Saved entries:
--- START ---

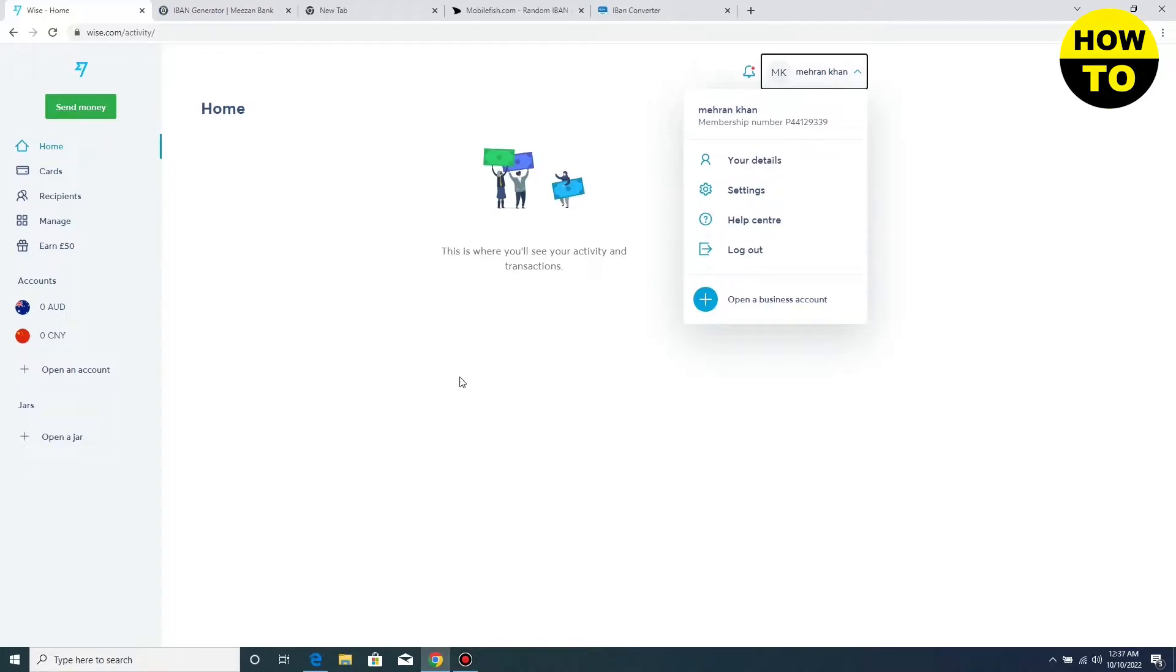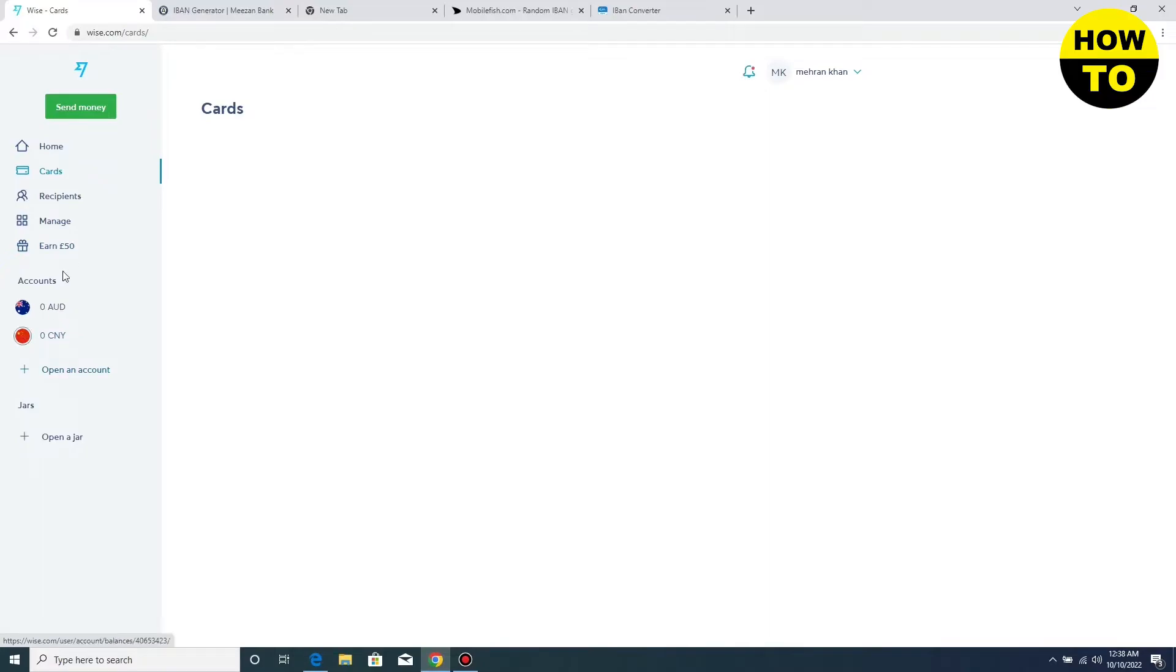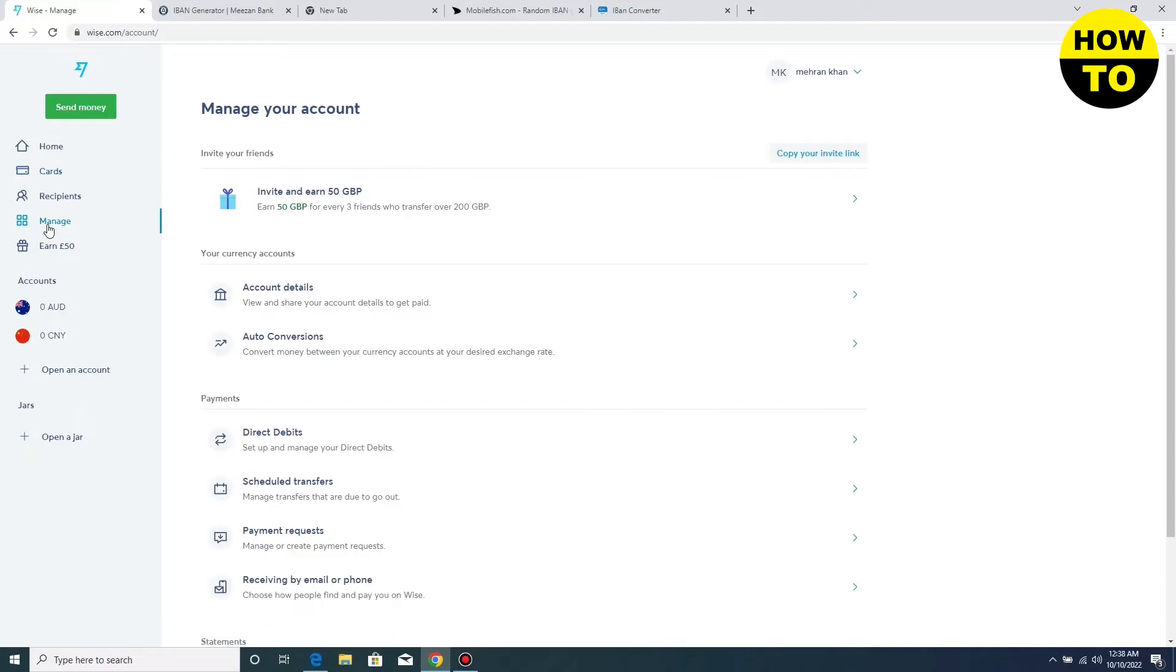On the right side, the account name is here, and all the options are on the left side. Simply click on the Manage option. After clicking on Manage, you have to wait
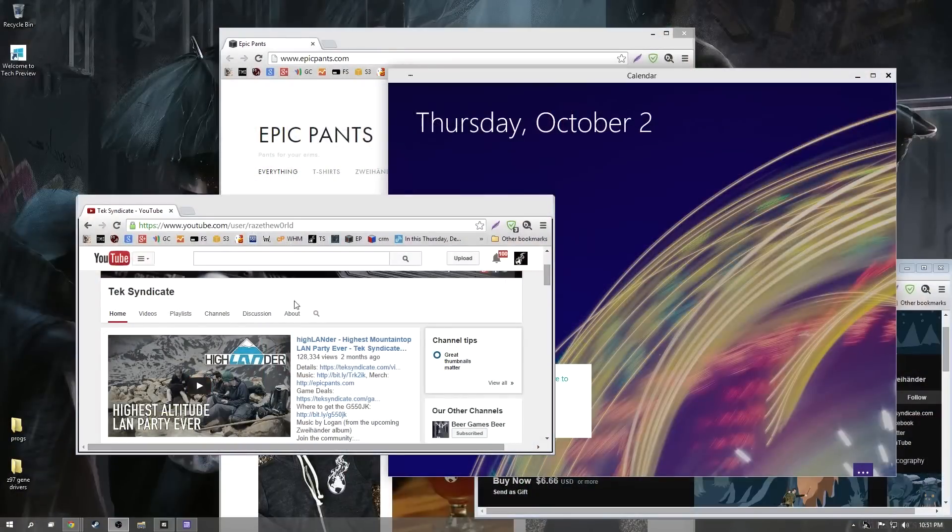Let's take a very fast look at the latest version of Windows — Windows 10, not 9, because that would have caused all kinds of issues thanks to legacy code that cannot be done away with.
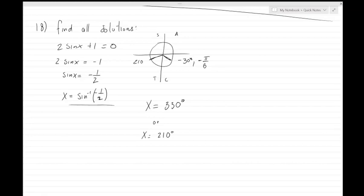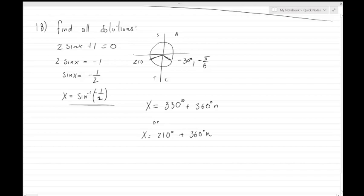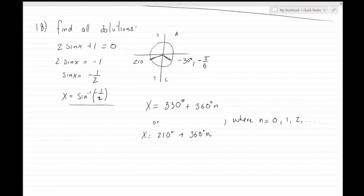If we go a full revolution around the unit circle, there are 360 degrees times some multiple n. So x equals 330 degrees plus 360n, or x equals 210 degrees plus 360n, where n equals 0, 1, and so on. If you plug in 0, you get 330 and 210 degrees. The question asks for all solutions, so there are infinitely many, which is why we include the value of n.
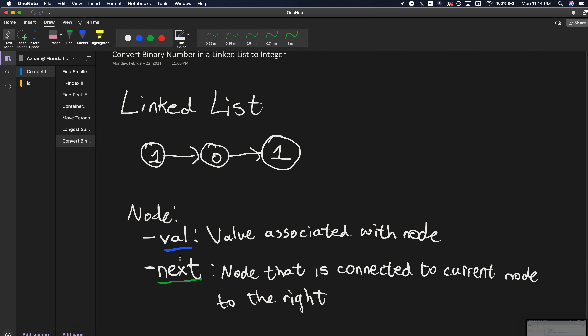What makes a linked list different is that you can only access one node at a time. When you're traversing through a singly linked list, the values go from one node to the next. You have nodes connecting to one another, and starting from the first node, you don't necessarily have immediate access to all the others.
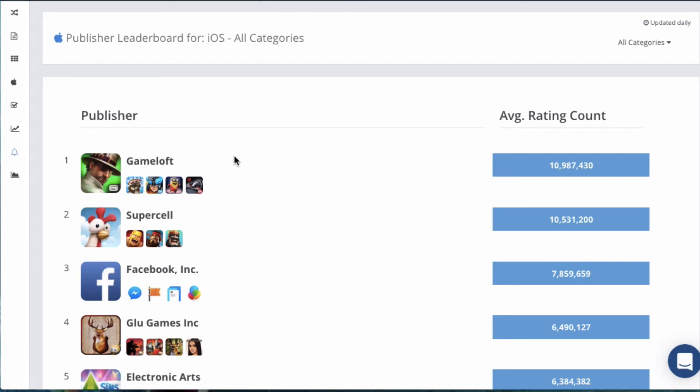As you can see, the Top Charts module is a great way to do market research and help you understand what's going on in your category.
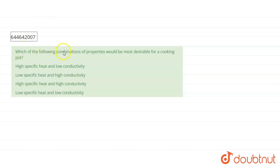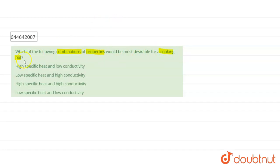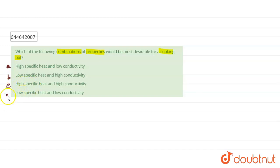Our question is: which of the following combinations of properties would be most desirable for a cooking pot? Four options are given — option A: high specific heat and low conductivity; option B: low specific heat and high conductivity; option C: high specific heat and high conductivity.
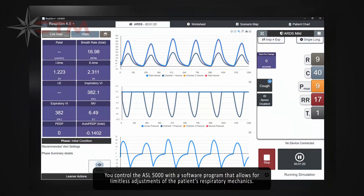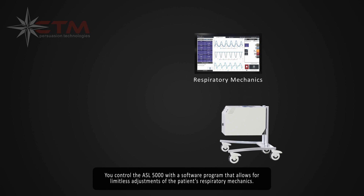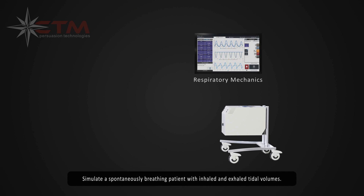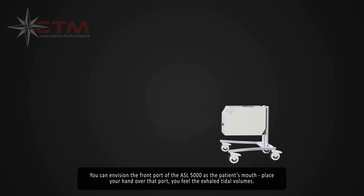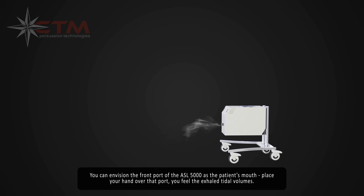You control the ASL5000 with a software program that allows for limitless adjustments of the patient's respiratory mechanics. Simulate a spontaneously breathing patient with inhaled and exhaled tidal volumes. You can envision the front port of the ASL5000 as the patient's mouth — place your hand over that port and feel the exhaled tidal volumes.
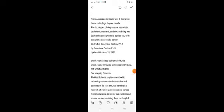From associate to doctorate: a complete guide to college degree levels. The four types of degrees are associate, bachelor's, master's, and doctoral degrees. Each college degree level equips you with skills for a successful career.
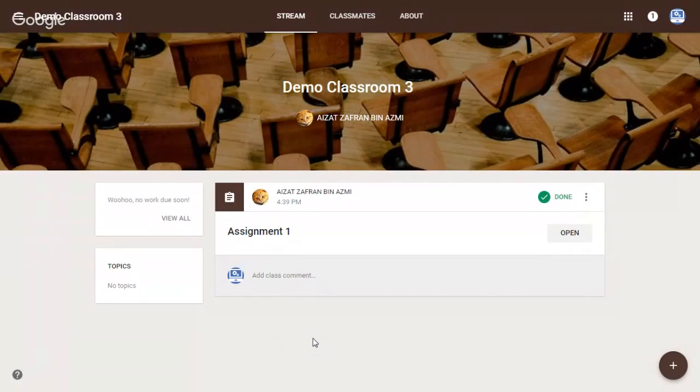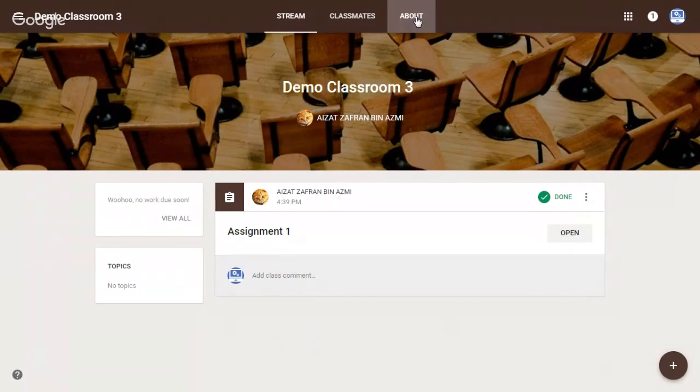Hello. Now I would like to show you how to download class materials. Open the Google Classroom, then click on the About tab.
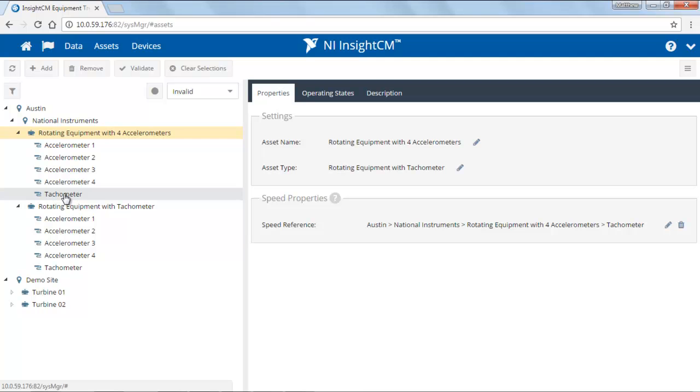Using this tree, this is how we can define what it is that we're monitoring and with what sensors we're monitoring. In other videos, we'll explore some of the other tabs that are present when you select various options in the tree.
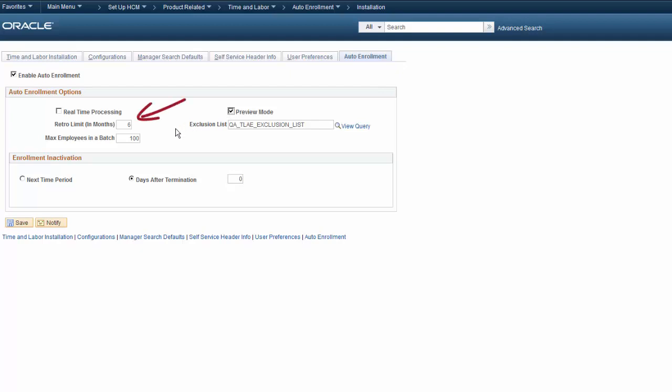The Retro Limit field specifies how far back in time the Auto Enrollment Framework can process data changes. Any changes beyond this time limit appear as an error. Specifying the max employees in a batch controls the number of employees in any one enrollment batch.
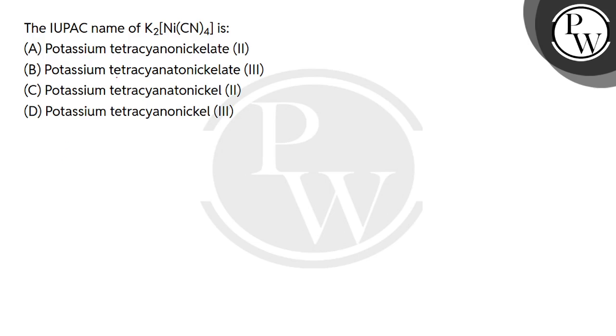Okay, so we write IUPAC name. You don't see any charge, so it's neutral. Potassium is in the left, so potassium will be the cation, and this is a complex coordination compound.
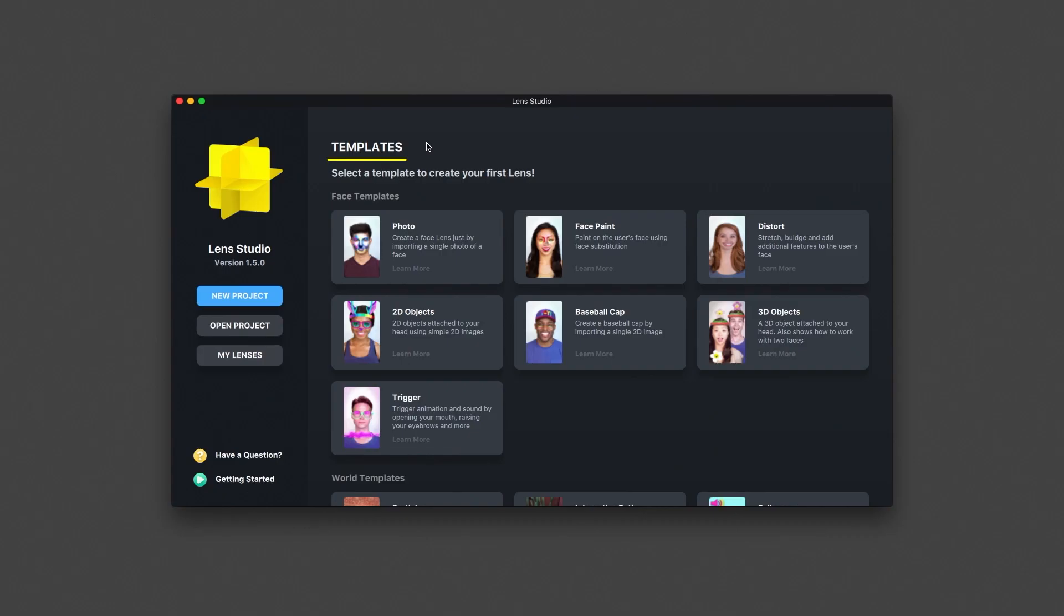Hi, my name is Travis. I'll be walking you through an overview of Lens Studio. Lens Studio is a tool for creating Snapchat lenses. Let's get started.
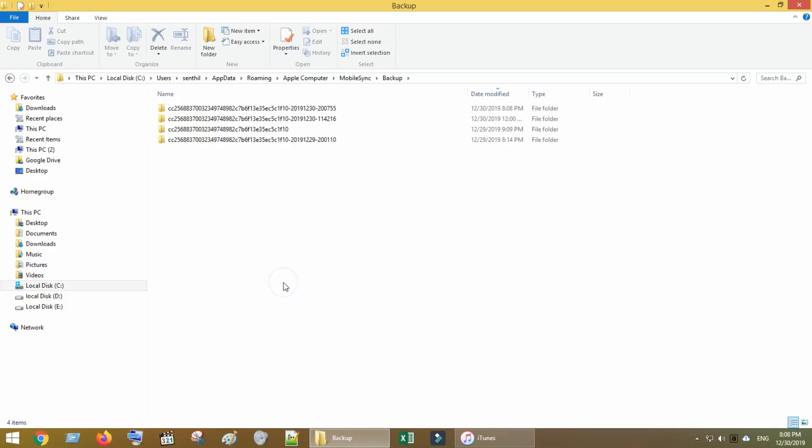Remember that all your photos and videos that are backed up are stored here, so ensure that you do not remove the required backup folder. You can use the date modified field to decide which backup folder to delete.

--- END ---

ASSIGNMENT:
Would it be possible to print the records above verbatim, pictures omitted?

EXERCISE ANSWER:
On the right side, the account name is here, and all the options are on the left side. Simply click on the Manage option. After clicking on Manage, you have to wait
Let's take a very fast look at the latest version of Windows — Windows 10, not 9, because that would have caused all kinds of issues thanks to legacy code that cannot be done away with.
If we go a full revolution around the unit circle, there are 360 degrees times some multiple n. So x equals 330 degrees plus 360n, or x equals 210 degrees plus 360n, where n equals 0, 1, and so on. If you plug in 0, you get 330 and 210 degrees. The question asks for all solutions, so there are infinitely many, which is why we include the value of n.
What makes a linked list different is that you can only access one node at a time. When you're traversing through a singly linked list, the values go from one node to the next. You have nodes connecting to one another, and starting from the first node, you don't necessarily have immediate access to all the others.
As you can see, the Top Charts module is a great way to do market research and help you understand what's going on in your category.
Our question is: which of the following combinations of properties would be most desirable for a cooking pot? Four options are given — option A: high specific heat and low conductivity; option B: low specific heat and high conductivity; option C: high specific heat and high conductivity.
You control the ASL5000 with a software program that allows for limitless adjustments of the patient's respiratory mechanics. Simulate a spontaneously breathing patient with inhaled and exhaled tidal volumes. You can envision the front port of the ASL5000 as the patient's mouth — place your hand over that port and feel the exhaled tidal volumes.
From associate to doctorate: a complete guide to college degree levels. The four types of degrees are associate, bachelor's, master's, and doctoral degrees. Each college degree level equips you with skills for a successful career.
Hello. Now I would like to show you how to download class materials. Open the Google Classroom, then click on the About tab.
Using this tree, this is how we can define what it is that we're monitoring and with what sensors we're monitoring. In other videos, we'll explore some of the other tabs that are present when you select various options in the tree.
The Retro Limit field specifies how far back in time the Auto Enrollment Framework can process data changes. Any changes beyond this time limit appear as an error. Specifying the max employees in a batch controls the number of employees in any one enrollment batch.
Okay, so we write IUPAC name. You don't see any charge, so it's neutral. Potassium is in the left, so potassium will be the cation, and this is a complex coordination compound.
Hi, my name is Travis. I'll be walking you through an overview of Lens Studio. Lens Studio is a tool for creating Snapchat lenses. Let's get started.
Remember that all your photos and videos that are backed up are stored here, so ensure that you do not remove the required backup folder. You can use the date modified field to decide which backup folder to delete.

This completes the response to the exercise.